[WHAT IS EXPECTED] Reproduce the section of the listing that begins at the line containing "Bath - 8367" and finishes at the line containing "Preview: Auspufftopf vorn". Include both end lines and nothing beyond them.
[Opening PROVIDED RECORDS section]
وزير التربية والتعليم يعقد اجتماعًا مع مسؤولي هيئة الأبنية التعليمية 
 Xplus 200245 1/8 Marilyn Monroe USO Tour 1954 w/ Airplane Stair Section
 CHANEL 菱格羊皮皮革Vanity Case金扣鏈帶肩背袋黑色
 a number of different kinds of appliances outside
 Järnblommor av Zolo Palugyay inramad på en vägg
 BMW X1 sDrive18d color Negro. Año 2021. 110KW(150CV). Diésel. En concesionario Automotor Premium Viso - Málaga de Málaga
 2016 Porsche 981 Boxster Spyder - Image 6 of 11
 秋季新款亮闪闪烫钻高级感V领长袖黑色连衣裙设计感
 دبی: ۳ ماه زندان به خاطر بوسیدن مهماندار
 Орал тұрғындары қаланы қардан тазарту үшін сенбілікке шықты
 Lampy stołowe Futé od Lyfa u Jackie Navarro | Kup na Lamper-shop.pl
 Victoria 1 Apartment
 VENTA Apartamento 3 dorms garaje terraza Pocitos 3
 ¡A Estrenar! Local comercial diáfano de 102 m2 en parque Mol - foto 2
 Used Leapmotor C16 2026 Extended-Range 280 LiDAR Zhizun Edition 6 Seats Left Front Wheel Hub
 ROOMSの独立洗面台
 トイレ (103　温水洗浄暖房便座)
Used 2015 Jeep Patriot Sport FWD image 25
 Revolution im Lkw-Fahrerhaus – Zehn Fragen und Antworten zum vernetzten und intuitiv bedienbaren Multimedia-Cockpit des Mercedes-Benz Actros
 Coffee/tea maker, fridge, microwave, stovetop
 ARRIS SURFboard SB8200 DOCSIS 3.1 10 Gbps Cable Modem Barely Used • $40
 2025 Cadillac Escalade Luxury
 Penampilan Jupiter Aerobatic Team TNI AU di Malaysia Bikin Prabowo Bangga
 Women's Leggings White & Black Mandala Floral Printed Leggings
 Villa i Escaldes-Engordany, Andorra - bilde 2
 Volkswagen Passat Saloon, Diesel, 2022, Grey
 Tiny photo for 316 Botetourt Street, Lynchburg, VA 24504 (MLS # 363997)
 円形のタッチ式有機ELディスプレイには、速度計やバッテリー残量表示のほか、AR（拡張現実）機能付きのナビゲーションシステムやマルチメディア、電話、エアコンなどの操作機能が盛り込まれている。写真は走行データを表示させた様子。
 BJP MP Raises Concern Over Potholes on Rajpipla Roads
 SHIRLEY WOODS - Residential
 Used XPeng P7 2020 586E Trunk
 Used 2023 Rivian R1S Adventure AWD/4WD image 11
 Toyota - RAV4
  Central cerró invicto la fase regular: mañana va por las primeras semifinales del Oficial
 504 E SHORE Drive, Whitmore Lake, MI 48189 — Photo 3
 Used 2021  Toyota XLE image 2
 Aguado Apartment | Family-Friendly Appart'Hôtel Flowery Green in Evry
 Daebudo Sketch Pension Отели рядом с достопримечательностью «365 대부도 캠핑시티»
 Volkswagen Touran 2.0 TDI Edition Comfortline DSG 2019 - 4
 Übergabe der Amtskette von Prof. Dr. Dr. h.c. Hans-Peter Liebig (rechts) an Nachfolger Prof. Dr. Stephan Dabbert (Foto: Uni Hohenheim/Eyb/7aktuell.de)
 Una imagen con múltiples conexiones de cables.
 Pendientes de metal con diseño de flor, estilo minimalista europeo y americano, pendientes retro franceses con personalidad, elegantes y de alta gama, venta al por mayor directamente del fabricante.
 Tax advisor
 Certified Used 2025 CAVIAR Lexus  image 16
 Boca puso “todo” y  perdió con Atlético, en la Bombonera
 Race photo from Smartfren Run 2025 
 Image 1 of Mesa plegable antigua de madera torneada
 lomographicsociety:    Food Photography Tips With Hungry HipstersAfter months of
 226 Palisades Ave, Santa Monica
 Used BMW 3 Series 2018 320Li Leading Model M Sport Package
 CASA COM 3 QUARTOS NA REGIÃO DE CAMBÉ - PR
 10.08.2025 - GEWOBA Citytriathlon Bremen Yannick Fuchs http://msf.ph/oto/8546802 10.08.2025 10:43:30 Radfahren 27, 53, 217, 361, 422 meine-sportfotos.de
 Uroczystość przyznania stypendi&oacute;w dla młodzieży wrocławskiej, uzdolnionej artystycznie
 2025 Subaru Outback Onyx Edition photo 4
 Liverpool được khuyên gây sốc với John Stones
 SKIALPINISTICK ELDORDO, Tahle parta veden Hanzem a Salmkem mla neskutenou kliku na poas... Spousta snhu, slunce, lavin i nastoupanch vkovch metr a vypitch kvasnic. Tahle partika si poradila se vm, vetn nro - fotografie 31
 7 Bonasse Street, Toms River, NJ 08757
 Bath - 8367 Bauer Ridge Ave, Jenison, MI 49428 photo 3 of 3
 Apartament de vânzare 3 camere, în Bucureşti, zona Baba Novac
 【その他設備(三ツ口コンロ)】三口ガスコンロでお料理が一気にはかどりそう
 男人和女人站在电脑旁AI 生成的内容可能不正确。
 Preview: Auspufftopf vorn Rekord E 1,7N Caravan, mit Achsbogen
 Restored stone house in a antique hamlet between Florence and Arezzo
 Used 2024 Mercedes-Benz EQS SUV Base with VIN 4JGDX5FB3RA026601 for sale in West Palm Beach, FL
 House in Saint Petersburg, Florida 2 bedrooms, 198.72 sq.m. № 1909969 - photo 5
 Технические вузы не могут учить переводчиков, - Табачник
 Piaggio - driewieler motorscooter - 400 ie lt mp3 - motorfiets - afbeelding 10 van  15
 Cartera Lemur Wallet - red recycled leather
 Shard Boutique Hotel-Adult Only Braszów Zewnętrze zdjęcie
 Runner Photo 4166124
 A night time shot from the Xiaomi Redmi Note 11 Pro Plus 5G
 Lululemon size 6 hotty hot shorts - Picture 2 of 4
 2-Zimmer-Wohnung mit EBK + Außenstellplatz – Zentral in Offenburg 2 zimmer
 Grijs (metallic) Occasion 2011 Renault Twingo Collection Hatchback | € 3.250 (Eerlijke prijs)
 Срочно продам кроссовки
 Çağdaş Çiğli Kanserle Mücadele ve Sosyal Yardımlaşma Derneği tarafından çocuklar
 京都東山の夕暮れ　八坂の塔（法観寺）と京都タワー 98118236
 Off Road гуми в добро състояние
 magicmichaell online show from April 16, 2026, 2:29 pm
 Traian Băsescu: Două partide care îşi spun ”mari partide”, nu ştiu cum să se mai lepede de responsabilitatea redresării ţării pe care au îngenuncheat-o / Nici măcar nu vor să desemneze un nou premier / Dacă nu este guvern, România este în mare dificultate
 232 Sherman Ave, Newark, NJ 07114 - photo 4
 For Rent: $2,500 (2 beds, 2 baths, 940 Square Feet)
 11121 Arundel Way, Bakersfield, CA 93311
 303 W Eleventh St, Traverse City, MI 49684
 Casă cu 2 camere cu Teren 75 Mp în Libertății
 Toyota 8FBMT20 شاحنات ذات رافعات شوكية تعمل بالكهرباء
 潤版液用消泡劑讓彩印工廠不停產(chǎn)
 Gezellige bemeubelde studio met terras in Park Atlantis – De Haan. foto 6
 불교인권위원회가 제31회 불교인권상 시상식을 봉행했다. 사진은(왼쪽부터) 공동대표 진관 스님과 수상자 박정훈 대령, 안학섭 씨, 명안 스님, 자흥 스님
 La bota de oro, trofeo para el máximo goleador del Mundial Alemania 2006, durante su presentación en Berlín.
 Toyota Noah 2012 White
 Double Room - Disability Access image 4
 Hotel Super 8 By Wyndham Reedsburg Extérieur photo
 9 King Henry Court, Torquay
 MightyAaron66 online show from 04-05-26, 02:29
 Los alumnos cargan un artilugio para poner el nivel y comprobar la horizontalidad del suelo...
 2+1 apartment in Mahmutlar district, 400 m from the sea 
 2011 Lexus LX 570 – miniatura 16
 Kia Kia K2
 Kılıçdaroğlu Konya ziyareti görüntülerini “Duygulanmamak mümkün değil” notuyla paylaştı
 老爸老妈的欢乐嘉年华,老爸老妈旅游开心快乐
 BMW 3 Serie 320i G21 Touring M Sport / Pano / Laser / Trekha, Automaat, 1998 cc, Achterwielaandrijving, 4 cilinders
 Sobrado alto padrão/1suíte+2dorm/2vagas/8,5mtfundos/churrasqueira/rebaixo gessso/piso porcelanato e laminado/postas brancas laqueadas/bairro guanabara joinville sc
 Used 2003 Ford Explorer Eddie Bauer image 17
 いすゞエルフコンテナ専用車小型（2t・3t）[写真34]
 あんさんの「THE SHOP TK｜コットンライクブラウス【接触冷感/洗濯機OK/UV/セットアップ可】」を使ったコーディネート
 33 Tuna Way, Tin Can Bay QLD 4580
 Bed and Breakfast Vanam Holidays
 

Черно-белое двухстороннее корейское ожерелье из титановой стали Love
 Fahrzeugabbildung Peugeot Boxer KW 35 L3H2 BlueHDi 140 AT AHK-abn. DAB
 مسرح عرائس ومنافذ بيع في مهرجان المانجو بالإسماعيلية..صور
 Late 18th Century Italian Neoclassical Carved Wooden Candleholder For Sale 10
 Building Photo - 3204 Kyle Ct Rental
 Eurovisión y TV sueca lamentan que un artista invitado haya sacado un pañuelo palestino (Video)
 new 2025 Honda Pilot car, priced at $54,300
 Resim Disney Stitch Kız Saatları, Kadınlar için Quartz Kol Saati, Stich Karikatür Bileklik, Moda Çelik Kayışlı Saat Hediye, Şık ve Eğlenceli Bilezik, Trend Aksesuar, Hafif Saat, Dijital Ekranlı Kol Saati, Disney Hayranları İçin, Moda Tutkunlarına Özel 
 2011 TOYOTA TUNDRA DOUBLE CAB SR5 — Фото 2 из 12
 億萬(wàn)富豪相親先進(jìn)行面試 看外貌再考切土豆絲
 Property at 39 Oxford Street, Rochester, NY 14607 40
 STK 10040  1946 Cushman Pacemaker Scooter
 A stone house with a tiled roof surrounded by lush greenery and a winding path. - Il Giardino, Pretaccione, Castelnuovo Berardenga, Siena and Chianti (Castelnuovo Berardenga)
[Closing PROVIDED RECORDS section]
[RESPONSE BELOW]
 Bath - 8367 Bauer Ridge Ave, Jenison, MI 49428 photo 3 of 3
 Apartament de vânzare 3 camere, în Bucureşti, zona Baba Novac
 【その他設備(三ツ口コンロ)】三口ガスコンロでお料理が一気にはかどりそう
 男人和女人站在电脑旁AI 生成的内容可能不正确。
 Preview: Auspufftopf vorn Rekord E 1,7N Caravan, mit Achsbogen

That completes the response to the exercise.